- _EXERCISE OBJECTIVE_: Output the listing below in full, exactly as written.

- _GIVEN ENTRIES_:
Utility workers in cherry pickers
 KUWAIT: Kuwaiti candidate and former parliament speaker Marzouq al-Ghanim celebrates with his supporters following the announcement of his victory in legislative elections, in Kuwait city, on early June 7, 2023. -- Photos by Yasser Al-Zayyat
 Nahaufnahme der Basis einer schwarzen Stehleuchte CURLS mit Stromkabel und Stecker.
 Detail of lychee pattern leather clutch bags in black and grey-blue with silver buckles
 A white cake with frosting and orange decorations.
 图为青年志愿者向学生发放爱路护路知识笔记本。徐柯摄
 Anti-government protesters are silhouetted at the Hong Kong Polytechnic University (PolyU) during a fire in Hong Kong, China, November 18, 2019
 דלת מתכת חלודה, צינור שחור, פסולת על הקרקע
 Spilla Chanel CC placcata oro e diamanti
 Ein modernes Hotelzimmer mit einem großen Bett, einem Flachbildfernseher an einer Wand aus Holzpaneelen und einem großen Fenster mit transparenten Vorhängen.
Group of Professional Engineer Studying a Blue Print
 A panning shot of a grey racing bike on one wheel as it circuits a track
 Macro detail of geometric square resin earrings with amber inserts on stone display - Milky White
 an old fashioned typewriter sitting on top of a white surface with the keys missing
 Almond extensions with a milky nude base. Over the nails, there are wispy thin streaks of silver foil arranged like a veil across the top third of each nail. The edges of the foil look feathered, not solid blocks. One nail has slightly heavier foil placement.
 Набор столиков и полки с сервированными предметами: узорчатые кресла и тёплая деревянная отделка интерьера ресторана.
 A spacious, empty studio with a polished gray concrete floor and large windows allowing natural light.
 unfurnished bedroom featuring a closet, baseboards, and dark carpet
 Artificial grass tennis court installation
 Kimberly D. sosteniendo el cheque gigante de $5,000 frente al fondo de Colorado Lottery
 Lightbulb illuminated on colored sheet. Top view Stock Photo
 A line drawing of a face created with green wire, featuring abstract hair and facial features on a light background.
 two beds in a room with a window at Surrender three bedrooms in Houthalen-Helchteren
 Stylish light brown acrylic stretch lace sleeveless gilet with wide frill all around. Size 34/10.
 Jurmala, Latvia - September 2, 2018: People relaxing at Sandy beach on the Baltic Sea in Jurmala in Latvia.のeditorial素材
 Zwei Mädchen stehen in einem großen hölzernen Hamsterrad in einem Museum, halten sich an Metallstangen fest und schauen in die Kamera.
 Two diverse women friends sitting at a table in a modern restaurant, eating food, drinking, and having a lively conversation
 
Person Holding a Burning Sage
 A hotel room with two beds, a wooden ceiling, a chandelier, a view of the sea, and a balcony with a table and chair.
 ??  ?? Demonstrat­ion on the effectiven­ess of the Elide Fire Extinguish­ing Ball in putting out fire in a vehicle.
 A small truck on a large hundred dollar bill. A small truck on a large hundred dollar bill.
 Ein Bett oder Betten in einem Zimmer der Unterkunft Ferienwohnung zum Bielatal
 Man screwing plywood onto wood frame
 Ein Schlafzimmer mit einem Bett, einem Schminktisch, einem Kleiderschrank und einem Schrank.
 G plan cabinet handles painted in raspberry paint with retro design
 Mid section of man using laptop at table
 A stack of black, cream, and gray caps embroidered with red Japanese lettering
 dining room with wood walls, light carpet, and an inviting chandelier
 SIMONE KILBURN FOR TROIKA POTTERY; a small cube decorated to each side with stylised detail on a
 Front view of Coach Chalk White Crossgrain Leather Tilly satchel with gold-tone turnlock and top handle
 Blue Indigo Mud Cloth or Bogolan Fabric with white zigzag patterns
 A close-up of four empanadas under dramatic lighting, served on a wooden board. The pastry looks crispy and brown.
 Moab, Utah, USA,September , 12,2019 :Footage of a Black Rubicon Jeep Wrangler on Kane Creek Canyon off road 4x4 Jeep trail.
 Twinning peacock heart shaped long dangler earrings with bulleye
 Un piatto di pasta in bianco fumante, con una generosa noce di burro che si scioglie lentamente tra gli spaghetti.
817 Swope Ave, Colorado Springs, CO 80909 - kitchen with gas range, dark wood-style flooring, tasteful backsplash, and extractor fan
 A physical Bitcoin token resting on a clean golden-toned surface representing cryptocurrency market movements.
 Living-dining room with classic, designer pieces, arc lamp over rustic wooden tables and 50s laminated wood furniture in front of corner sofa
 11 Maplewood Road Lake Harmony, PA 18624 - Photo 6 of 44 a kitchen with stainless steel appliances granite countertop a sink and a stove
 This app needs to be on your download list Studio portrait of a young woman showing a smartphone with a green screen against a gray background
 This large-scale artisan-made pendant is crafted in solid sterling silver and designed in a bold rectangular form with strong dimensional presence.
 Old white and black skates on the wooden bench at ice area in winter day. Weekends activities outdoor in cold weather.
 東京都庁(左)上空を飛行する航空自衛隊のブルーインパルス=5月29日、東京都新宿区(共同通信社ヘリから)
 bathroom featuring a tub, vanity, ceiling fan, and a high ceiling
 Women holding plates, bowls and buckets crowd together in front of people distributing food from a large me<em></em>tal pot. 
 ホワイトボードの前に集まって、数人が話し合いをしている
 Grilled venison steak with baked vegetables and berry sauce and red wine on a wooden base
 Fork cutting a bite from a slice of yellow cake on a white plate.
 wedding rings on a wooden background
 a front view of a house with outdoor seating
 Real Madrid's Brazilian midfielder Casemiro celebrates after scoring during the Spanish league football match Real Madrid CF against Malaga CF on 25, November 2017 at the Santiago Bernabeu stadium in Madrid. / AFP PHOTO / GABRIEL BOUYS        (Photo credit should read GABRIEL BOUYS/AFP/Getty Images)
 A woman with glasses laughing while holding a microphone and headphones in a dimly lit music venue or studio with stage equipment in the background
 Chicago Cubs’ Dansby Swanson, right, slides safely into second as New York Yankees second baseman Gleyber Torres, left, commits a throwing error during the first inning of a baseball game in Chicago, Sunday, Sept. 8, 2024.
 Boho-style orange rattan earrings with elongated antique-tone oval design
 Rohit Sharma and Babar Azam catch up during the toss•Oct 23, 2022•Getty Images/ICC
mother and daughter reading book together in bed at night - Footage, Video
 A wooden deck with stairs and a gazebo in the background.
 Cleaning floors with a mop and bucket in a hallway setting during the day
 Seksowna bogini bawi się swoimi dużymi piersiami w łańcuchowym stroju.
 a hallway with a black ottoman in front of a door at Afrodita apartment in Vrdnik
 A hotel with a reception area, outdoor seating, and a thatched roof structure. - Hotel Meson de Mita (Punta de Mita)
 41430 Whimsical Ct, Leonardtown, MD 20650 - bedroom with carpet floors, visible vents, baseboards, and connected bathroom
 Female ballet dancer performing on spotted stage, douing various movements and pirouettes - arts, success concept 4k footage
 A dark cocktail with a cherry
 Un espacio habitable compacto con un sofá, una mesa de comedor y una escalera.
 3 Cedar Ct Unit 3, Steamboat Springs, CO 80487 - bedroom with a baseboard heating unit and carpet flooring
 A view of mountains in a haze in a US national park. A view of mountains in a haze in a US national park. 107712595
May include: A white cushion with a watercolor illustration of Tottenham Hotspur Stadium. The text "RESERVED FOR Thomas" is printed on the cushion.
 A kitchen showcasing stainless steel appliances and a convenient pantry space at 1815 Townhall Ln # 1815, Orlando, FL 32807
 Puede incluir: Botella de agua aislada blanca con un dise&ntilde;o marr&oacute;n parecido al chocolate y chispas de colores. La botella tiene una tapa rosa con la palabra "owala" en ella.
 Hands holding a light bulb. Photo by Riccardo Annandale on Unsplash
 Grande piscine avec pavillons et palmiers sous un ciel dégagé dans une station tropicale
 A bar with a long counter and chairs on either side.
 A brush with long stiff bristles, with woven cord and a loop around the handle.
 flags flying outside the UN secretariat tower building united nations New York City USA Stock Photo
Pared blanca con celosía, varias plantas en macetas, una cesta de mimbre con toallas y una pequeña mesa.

- _TASK RESULT_:
Utility workers in cherry pickers
 KUWAIT: Kuwaiti candidate and former parliament speaker Marzouq al-Ghanim celebrates with his supporters following the announcement of his victory in legislative elections, in Kuwait city, on early June 7, 2023. -- Photos by Yasser Al-Zayyat
 Nahaufnahme der Basis einer schwarzen Stehleuchte CURLS mit Stromkabel und Stecker.
 Detail of lychee pattern leather clutch bags in black and grey-blue with silver buckles
 A white cake with frosting and orange decorations.
 图为青年志愿者向学生发放爱路护路知识笔记本。徐柯摄
 Anti-government protesters are silhouetted at the Hong Kong Polytechnic University (PolyU) during a fire in Hong Kong, China, November 18, 2019
 דלת מתכת חלודה, צינור שחור, פסולת על הקרקע
 Spilla Chanel CC placcata oro e diamanti
 Ein modernes Hotelzimmer mit einem großen Bett, einem Flachbildfernseher an einer Wand aus Holzpaneelen und einem großen Fenster mit transparenten Vorhängen.
Group of Professional Engineer Studying a Blue Print
 A panning shot of a grey racing bike on one wheel as it circuits a track
 Macro detail of geometric square resin earrings with amber inserts on stone display - Milky White
 an old fashioned typewriter sitting on top of a white surface with the keys missing
 Almond extensions with a milky nude base. Over the nails, there are wispy thin streaks of silver foil arranged like a veil across the top third of each nail. The edges of the foil look feathered, not solid blocks. One nail has slightly heavier foil placement.
 Набор столиков и полки с сервированными предметами: узорчатые кресла и тёплая деревянная отделка интерьера ресторана.
 A spacious, empty studio with a polished gray concrete floor and large windows allowing natural light.
 unfurnished bedroom featuring a closet, baseboards, and dark carpet
 Artificial grass tennis court installation
 Kimberly D. sosteniendo el cheque gigante de $5,000 frente al fondo de Colorado Lottery
 Lightbulb illuminated on colored sheet. Top view Stock Photo
 A line drawing of a face created with green wire, featuring abstract hair and facial features on a light background.
 two beds in a room with a window at Surrender three bedrooms in Houthalen-Helchteren
 Stylish light brown acrylic stretch lace sleeveless gilet with wide frill all around. Size 34/10.
 Jurmala, Latvia - September 2, 2018: People relaxing at Sandy beach on the Baltic Sea in Jurmala in Latvia.のeditorial素材
 Zwei Mädchen stehen in einem großen hölzernen Hamsterrad in einem Museum, halten sich an Metallstangen fest und schauen in die Kamera.
 Two diverse women friends sitting at a table in a modern restaurant, eating food, drinking, and having a lively conversation
 
Person Holding a Burning Sage
 A hotel room with two beds, a wooden ceiling, a chandelier, a view of the sea, and a balcony with a table and chair.
 ??  ?? Demonstrat­ion on the effectiven­ess of the Elide Fire Extinguish­ing Ball in putting out fire in a vehicle.
 A small truck on a large hundred dollar bill. A small truck on a large hundred dollar bill.
 Ein Bett oder Betten in einem Zimmer der Unterkunft Ferienwohnung zum Bielatal
 Man screwing plywood onto wood frame
 Ein Schlafzimmer mit einem Bett, einem Schminktisch, einem Kleiderschrank und einem Schrank.
 G plan cabinet handles painted in raspberry paint with retro design
 Mid section of man using laptop at table
 A stack of black, cream, and gray caps embroidered with red Japanese lettering
 dining room with wood walls, light carpet, and an inviting chandelier
 SIMONE KILBURN FOR TROIKA POTTERY; a small cube decorated to each side with stylised detail on a
 Front view of Coach Chalk White Crossgrain Leather Tilly satchel with gold-tone turnlock and top handle
 Blue Indigo Mud Cloth or Bogolan Fabric with white zigzag patterns
 A close-up of four empanadas under dramatic lighting, served on a wooden board. The pastry looks crispy and brown.
 Moab, Utah, USA,September , 12,2019 :Footage of a Black Rubicon Jeep Wrangler on Kane Creek Canyon off road 4x4 Jeep trail.
 Twinning peacock heart shaped long dangler earrings with bulleye
 Un piatto di pasta in bianco fumante, con una generosa noce di burro che si scioglie lentamente tra gli spaghetti.
817 Swope Ave, Colorado Springs, CO 80909 - kitchen with gas range, dark wood-style flooring, tasteful backsplash, and extractor fan
 A physical Bitcoin token resting on a clean golden-toned surface representing cryptocurrency market movements.
 Living-dining room with classic, designer pieces, arc lamp over rustic wooden tables and 50s laminated wood furniture in front of corner sofa
 11 Maplewood Road Lake Harmony, PA 18624 - Photo 6 of 44 a kitchen with stainless steel appliances granite countertop a sink and a stove
 This app needs to be on your download list Studio portrait of a young woman showing a smartphone with a green screen against a gray background
 This large-scale artisan-made pendant is crafted in solid sterling silver and designed in a bold rectangular form with strong dimensional presence.
 Old white and black skates on the wooden bench at ice area in winter day. Weekends activities outdoor in cold weather.
 東京都庁(左)上空を飛行する航空自衛隊のブルーインパルス=5月29日、東京都新宿区(共同通信社ヘリから)
 bathroom featuring a tub, vanity, ceiling fan, and a high ceiling
 Women holding plates, bowls and buckets crowd together in front of people distributing food from a large me<em></em>tal pot. 
 ホワイトボードの前に集まって、数人が話し合いをしている
 Grilled venison steak with baked vegetables and berry sauce and red wine on a wooden base
 Fork cutting a bite from a slice of yellow cake on a white plate.
 wedding rings on a wooden background
 a front view of a house with outdoor seating
 Real Madrid's Brazilian midfielder Casemiro celebrates after scoring during the Spanish league football match Real Madrid CF against Malaga CF on 25, November 2017 at the Santiago Bernabeu stadium in Madrid. / AFP PHOTO / GABRIEL BOUYS        (Photo credit should read GABRIEL BOUYS/AFP/Getty Images)
 A woman with glasses laughing while holding a microphone and headphones in a dimly lit music venue or studio with stage equipment in the background
 Chicago Cubs’ Dansby Swanson, right, slides safely into second as New York Yankees second baseman Gleyber Torres, left, commits a throwing error during the first inning of a baseball game in Chicago, Sunday, Sept. 8, 2024.
 Boho-style orange rattan earrings with elongated antique-tone oval design
 Rohit Sharma and Babar Azam catch up during the toss•Oct 23, 2022•Getty Images/ICC
mother and daughter reading book together in bed at night - Footage, Video
 A wooden deck with stairs and a gazebo in the background.
 Cleaning floors with a mop and bucket in a hallway setting during the day
 Seksowna bogini bawi się swoimi dużymi piersiami w łańcuchowym stroju.
 a hallway with a black ottoman in front of a door at Afrodita apartment in Vrdnik
 A hotel with a reception area, outdoor seating, and a thatched roof structure. - Hotel Meson de Mita (Punta de Mita)
 41430 Whimsical Ct, Leonardtown, MD 20650 - bedroom with carpet floors, visible vents, baseboards, and connected bathroom
 Female ballet dancer performing on spotted stage, douing various movements and pirouettes - arts, success concept 4k footage
 A dark cocktail with a cherry
 Un espacio habitable compacto con un sofá, una mesa de comedor y una escalera.
 3 Cedar Ct Unit 3, Steamboat Springs, CO 80487 - bedroom with a baseboard heating unit and carpet flooring
 A view of mountains in a haze in a US national park. A view of mountains in a haze in a US national park. 107712595
May include: A white cushion with a watercolor illustration of Tottenham Hotspur Stadium. The text "RESERVED FOR Thomas" is printed on the cushion.
 A kitchen showcasing stainless steel appliances and a convenient pantry space at 1815 Townhall Ln # 1815, Orlando, FL 32807
 Puede incluir: Botella de agua aislada blanca con un dise&ntilde;o marr&oacute;n parecido al chocolate y chispas de colores. La botella tiene una tapa rosa con la palabra "owala" en ella.
 Hands holding a light bulb. Photo by Riccardo Annandale on Unsplash
 Grande piscine avec pavillons et palmiers sous un ciel dégagé dans une station tropicale
 A bar with a long counter and chairs on either side.
 A brush with long stiff bristles, with woven cord and a loop around the handle.
 flags flying outside the UN secretariat tower building united nations New York City USA Stock Photo
Pared blanca con celosía, varias plantas en macetas, una cesta de mimbre con toallas y una pequeña mesa.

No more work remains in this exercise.